Data:
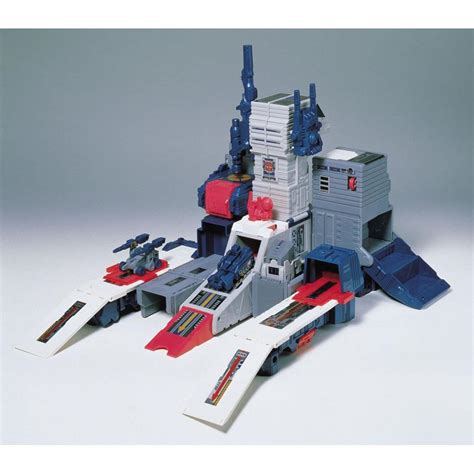 Fortress Maximus - Transformers Toys - TFW2005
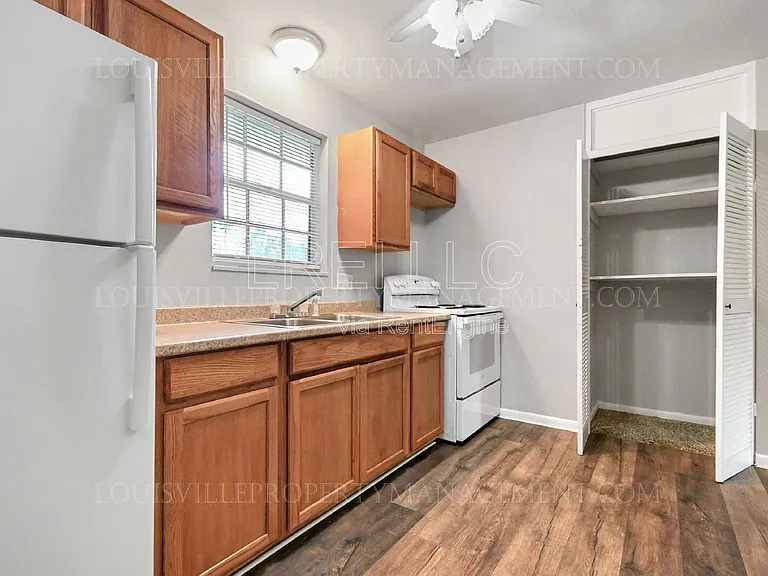 1202 E Walford Dr #2 — Photo 6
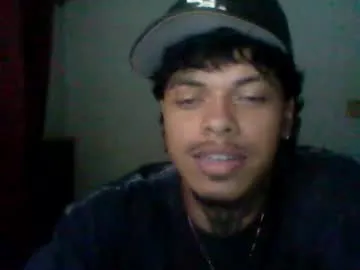 miguelvl01 — Freechat on Chaturbate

Work task:
Each line of the data above is to be output exactly; the pictures are not to appear.

Answer for the task:
 Fortress Maximus - Transformers Toys - TFW2005
 1202 E Walford Dr #2 — Photo 6
 miguelvl01 — Freechat on Chaturbate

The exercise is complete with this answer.